すでに外国人を雇用している事業者が、当該外国人を特定技能として雇用する場合、それまでのビザから特定技能ビザに、ビザの変更申請をする必要があります。
この場合に問題となるのが、「ビザ変更の申請をした後、許可になるまでの間に、引き続き就労をさせていいのか?」という点です。
- うちは少人数でやっているので、1人でも働けなくなると事業が回らなくなる
- 特定技能ビザが許可になるまでの間も、仕事をしてもらいたい。
という事業者さんも多いのではないでしょうか。
ビザの審査には一定程度の時間がかかるので、審査期間中に就労ができないとなると、事業者にとっては死活問題となりかねません。
それでは、ビザ申請後から、特定技能1号が許可になるまでの審査期間中に、引き続き就労することはできるのでしょうか?
この記事では、審査期間中に就労ができる場合とできない場合について、特定技能ビザ申請の経験豊富な行政書士が、わかりやすく解説します。
Q:当社では、技能実習生を雇用しています。もうすぐ実習が終わるので、特定技能1号にビザの変更をして、引き続き当社で雇用したいと思っています。
ビザの変更申請をした後、特定技能ビザが許可になるまでの間、ひきつづき就労することはできるのでしょうか?(建設業D社)
A:ご相談ありがとうございます。
事業者としては、ビザの結果を待っている期間中も、就労させられる方がいいですよね。
D社さんは、技能実習生を雇用中で、実習修了後は特定技能1号に変更したいということですね。
技能実習には、「技能実習計画」というものがあり、「技能実習計画」の期間によって、いつまで就労することができるかが変わってきます。
この点について理解するために、まずは全てのビザ(在留資格)に共通するルールについて、簡単に説明します。
審査期間中も、就労ができるかどうかについては、2つのポイントがあります。
- 現在のビザの在留期限はいつか。
- 現在のビザの種類(在留資格)は何か。
この2つのポイントによって、審査期間中に就労できるかできないかが変わってきます。
目次
1.在留期限
まずは、1つ目の在留期限について、説明します。

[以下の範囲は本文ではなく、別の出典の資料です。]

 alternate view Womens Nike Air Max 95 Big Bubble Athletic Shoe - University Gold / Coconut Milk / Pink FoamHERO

ビザの申請をするときには、必ず在留期限よりも前に申請をおこなってください。
在留期限とは
技能実習も含めて、ビザには在留期限(在留期間の満了日)があります。
在留期限は、在留カードの中央からやや下のところに、かっこ書きで書いてあります。
日本に在留する外国人は、この在留期限の日まで、日本に在留することができます。
在留期限の日以降も、ひきつづき在留するためには、ビザの申請(更新または変更)を、入管におこなって許可をもらう必要があります。
そして、ビザの申請は、現在のビザの在留期限よりも「前」にやらなくてはいけません。
ビザの申請をしないまま、在留期限が過ぎてしまうと、不法滞在(オーバーステイ)となってしまい、強制送還(退去強制)の対象になります。

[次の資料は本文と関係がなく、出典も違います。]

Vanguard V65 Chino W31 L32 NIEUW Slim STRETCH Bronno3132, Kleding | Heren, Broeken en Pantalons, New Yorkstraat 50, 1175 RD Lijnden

本来なら就労できるのに、「うっかり」在留期限を忘れてしまったことで、日本で就労することができなくなってしまう、こんなにもったいないことはありません。
ですので、在留期限は、事業者側でもしっかりと把握しておいてください。
ここまでが、在留期限の説明です。
次に、ビザ申請をした「後」のことを説明します。
特定技能ビザを申請するタイミング
ビザ申請は、在留期限よりも前にしなくてはいけないことはわかりましたが、どのタイミングで申請すればいいのでしょうか?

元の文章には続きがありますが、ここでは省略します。